EVERYBODY KNOWS, la cage de Farhadi

Comme Woody Allen il y a dix ans, Asghar Farhadi donne à son tour d’Europe de cinéaste expatrié une étape espagnole avec Penélope Cruz et Javier Bardem recrutés pour l’occasion. Comme certains films européens d’Allen qui n’allaient pas au-delà de la carte postale, certains, Everybody knows (Todos lo saben dans son titre original) n’est jamais plus qu’une telenovela, un roman de gare aux personnages et enjeux en toc.

Le film s’ouvre sur le retour dans son village natal de Laura (Penélope Cruz), accompagnée de ses deux enfants, à l’occasion du mariage de sa petite sœur.

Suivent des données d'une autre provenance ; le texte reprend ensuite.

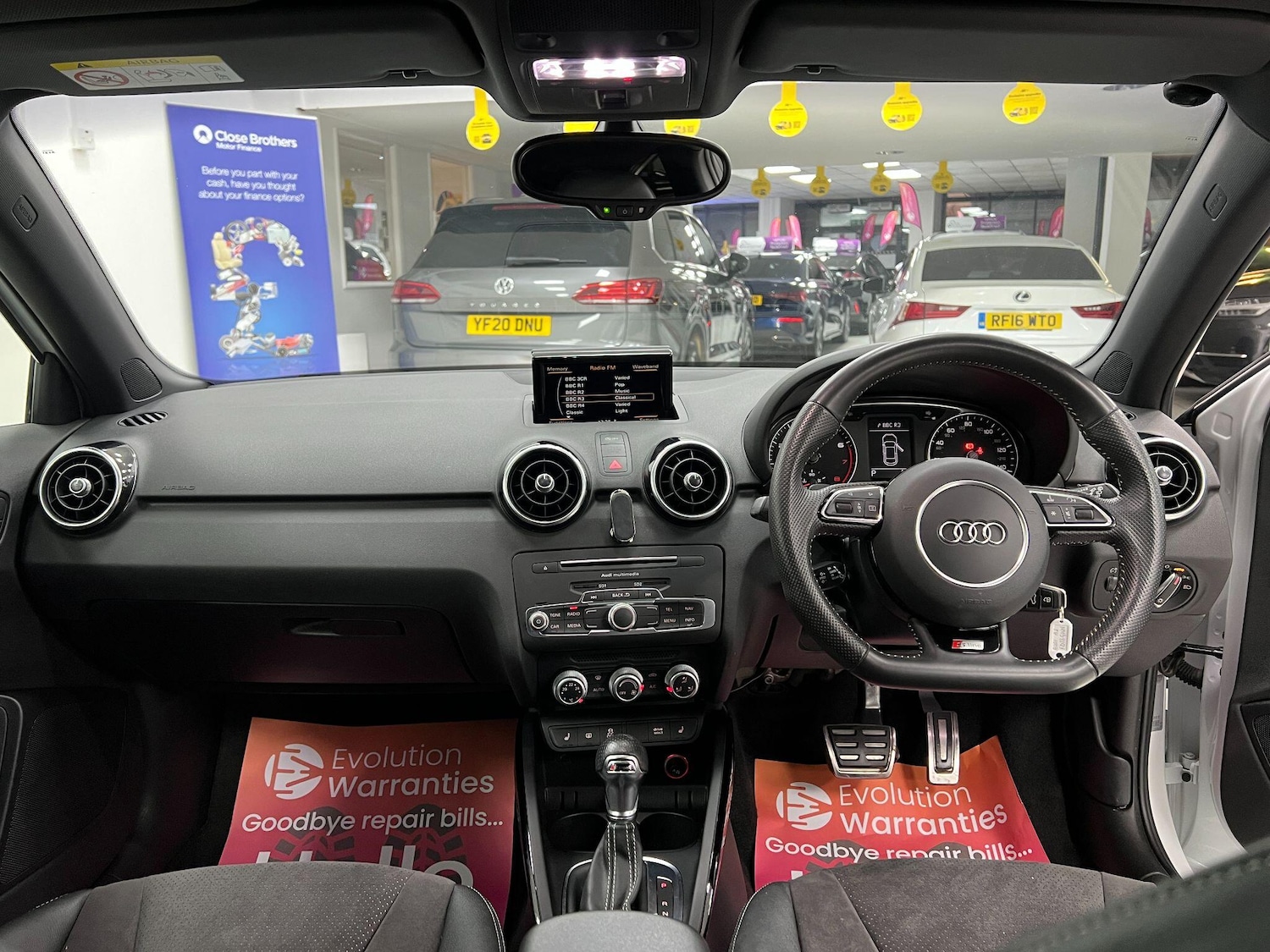 Used Audi A1 2018 for sale - 77097668: Photo 2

Laura vit expatriée à Buenos Aires, d’où est originaire son mari Alejandro – probablement afin de justifier la présence au casting de l’argentin Ricardo Darin. La première partie de Everybody knows voit Farhadi filmer un événement collectif plus que des destins individuels : le mariage, ses préparatifs, son ballet d’invités, les lieux où ils se réunissent – rues du village, pièces de la maison, bancs de l’église. Il y a dans cette ouverture une énergie, un élan qui porte les scènes, les raccords, les interactions ; un élan qui est lui-même essentiellement porté par un personnage, Irene, la fille adolescente de Laura, électron libre qui prend la tangente quand ça lui chante, sur une moto à travers les vignes, sous les toits de l’église pour en sonner les cloches.

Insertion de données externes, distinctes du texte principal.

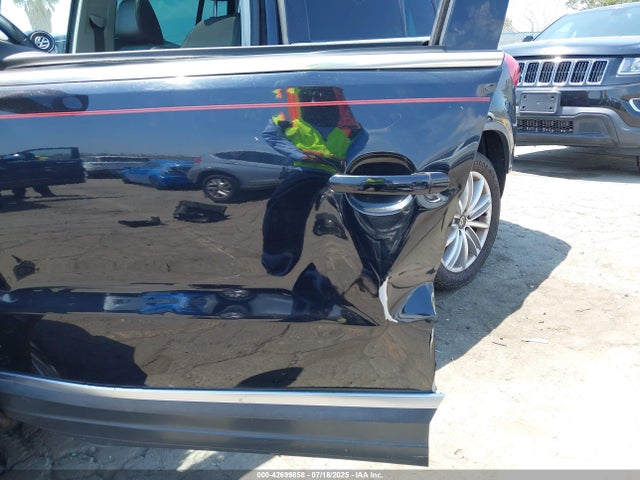 WVGAV7AX1FW536449 Volkswagen 2015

Farhadi tourne en rond avec ses personnages, avec une médiocrité d’écriture et une petitesse de vue qui font se dissiper toute forme d’enjeu moral derrière ces rancœurs familiales ordinaires et ces secrets de saga télévisuelle de l’été

Cet élan est brutalement brisé lorsque Irene est kidnappée. Le calvaire de Laura, mère éplorée et impuissante, commence alors ; il sera vite débordé par celui de Ricardo Darin (qui arrive dans le film à mi-parcours, ne trouve rien à y faire, et en repart à la fin), et par celui du spectateur face à ce récit sans intensité et sans rythme. Le péché originel de Farhadi est de ne faire exister aucun de ses personnages au-delà de l’horizon de l’événement ponctuel que constituent cet enlèvement et sa résolution. Ils ne sont que des utilités pour la mécanique du scénario, en premier lieu Paco (Javier Bardem) ; si lui a droit à une histoire un peu plus fouillée que les autres, au sujet du domaine viticole qu’il possède, c’est uniquement car ce dernier est la seule source potentielle d’argent pour payer la rançon.

L’argent est la seule préoccupation de l’ensemble des protagonistes, ce qui nous les rend désagréables à force de les entendre tout ramener à cela. Le reste du temps ils tournent en rond à se demander ad nauseam qui a pu faire le coup (sans jamais avancer d’eux-mêmes ; Farhadi nous balance la réponse dans les dernières minutes par un deus ex machina sorti de nulle part, et impliquant des personnages qui n’ont jamais existé dans le film), et à ressasser deux moments de crise du passé de Laura et Paco, qui était son amant avant qu’elle n’épouse Alejandro. Farhadi tourne en rond avec eux, avec une médiocrité d’écriture et une petitesse de vue qui font se dissiper toute forme d’enjeu moral derrière ces rancœurs familiales ordinaires et ces secrets de saga télévisuelle de l’été. Les facilités dans la conduite de l’intrigue (redites, incohérences) contribuent à la rabaisser au niveau de la mauvaise télévision. Tout aussi décevante est l’impasse faite par Farhadi sur les pistes annexes, qui fourmillent pourtant : les images de la noce filmées par le drone, la focalisation sur les suspects habituels (jeunes délinquants en réinsertion, travailleurs saisonniers dans le vignoble), ou même tout simplement l’impact traumatique d’un tel événement sur Irene et sur son petit frère. Cela paraît être une ouverture évidente, Farhadi la dédaigne, tout occupé à dérouler son petit numéro de marionnettiste sur la Croisette.

EVERYBODY KNOWS (Todos lo saben, Espagne-France, 2018), un film d’Asghar Farhadi, avec Penélope Cruz, Javier Bardem, Ricardo Darin. Durée : 132 minutes. Sortie en France le 9 mai 2018.